Although the Big Game may be postponed this year, it is not too late to show UC Berkeley school spirit at the ballot box, according to Miyako Iwata, campus senior and recent recipient of the Donald A. Strauss Public Service Scholarship.
The Donald A. Strauss Scholarship Foundation aims to encourage college students to develop an interest in public service and to carry that spirit throughout their lives, according to trustee Duncan Strauss. This year, Iwata will be using her scholarship for the PAC-12 Voting Challenge, a friendly cross-campus competition to get students excited about voting.
“When I got to the Bay Area, I was really struck by this whole Cal-Stanford hype that I saw,” Iwata said. “I thought to myself, ‘Maybe, if we can take even a little bit of that energy and translate that into voting and civic engagement and participation, then that would be super cool.’”
Over the past 24 years, the scholarship foundation has awarded approximately 300 students with the scholarship needed for their projects.
According to Strauss, one of the key elements prized by the scholarship and an important component of chosen projects is sustainability. He added that most accepted projects continue to this day, creating a ripple effect both locally and nationally.
“One of the things we realized is there hasn’t been as many projects that deal with voters,” Strauss said. “We were very pleased to see Miyako; her project really was about getting UC Berkeley students enthused and excited about voting and becoming more civically engaged.”
According to Iwata, her inspiration for the voting challenge stemmed from the “abysmal turnout” of young voters, as well the lack of representation she felt as one of the few mixed-race people in Oregon. From this, Iwata developed her passion for helping people of different racial backgrounds gain representation.
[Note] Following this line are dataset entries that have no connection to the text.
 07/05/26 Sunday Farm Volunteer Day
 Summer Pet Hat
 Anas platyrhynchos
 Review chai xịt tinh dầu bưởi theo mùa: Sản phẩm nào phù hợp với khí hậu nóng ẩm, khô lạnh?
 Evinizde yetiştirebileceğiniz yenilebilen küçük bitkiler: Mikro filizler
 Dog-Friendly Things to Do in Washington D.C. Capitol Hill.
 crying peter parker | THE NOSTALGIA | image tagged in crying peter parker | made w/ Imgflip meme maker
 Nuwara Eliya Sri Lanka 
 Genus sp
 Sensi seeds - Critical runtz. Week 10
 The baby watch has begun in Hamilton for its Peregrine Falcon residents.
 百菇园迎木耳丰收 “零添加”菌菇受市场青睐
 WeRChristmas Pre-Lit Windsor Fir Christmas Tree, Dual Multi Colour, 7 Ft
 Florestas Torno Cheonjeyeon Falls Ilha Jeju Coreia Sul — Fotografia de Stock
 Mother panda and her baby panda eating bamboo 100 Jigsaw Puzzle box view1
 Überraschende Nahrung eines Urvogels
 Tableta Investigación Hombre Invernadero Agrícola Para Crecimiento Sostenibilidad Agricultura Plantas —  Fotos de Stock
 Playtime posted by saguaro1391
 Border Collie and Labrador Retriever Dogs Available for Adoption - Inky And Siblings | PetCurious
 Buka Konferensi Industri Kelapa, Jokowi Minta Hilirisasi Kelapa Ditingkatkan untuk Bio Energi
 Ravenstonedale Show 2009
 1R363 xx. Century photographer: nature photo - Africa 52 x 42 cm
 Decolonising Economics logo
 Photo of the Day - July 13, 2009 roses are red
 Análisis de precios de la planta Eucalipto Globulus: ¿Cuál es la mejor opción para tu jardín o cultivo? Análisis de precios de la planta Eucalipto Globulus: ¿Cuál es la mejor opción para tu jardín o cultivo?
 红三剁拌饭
With this goal in mind, the PAC-12 Voting Challenge is aimed at increasing student turnout through healthy school rivalry. The project consists of various outreach events and civic engagement panels that will ultimately culminate in a virtual concert in October for the UC Berkeley community.
“You can’t force someone to vote in exchange for something, but we really want to encourage folks to register, ask the questions they might have, update their registration and then enjoy the virtual concert,” Iwata said.
The aim of the civic engagement panels is to openly discuss issues that are pertinent to different backgrounds, according to Iwata. She added that there has already been a panel with ASUC Senator Naomi Garcia and LGBTQ+ speakers and people of color.
Although these events are for the general campus community, Iwata said different events are tailored to different communities and identities to explore their reasons for voting.
Currently, Iwata is reaching out to Cal Athletics in hopes of establishing a video campaign and Cal Band to build on school spirit.
“Although we’re all far apart, at the end of the day, we’re all part of the Cal community,” Iwata said. “That’s just really the feeling that I’m trying to build, in whatever way I can.”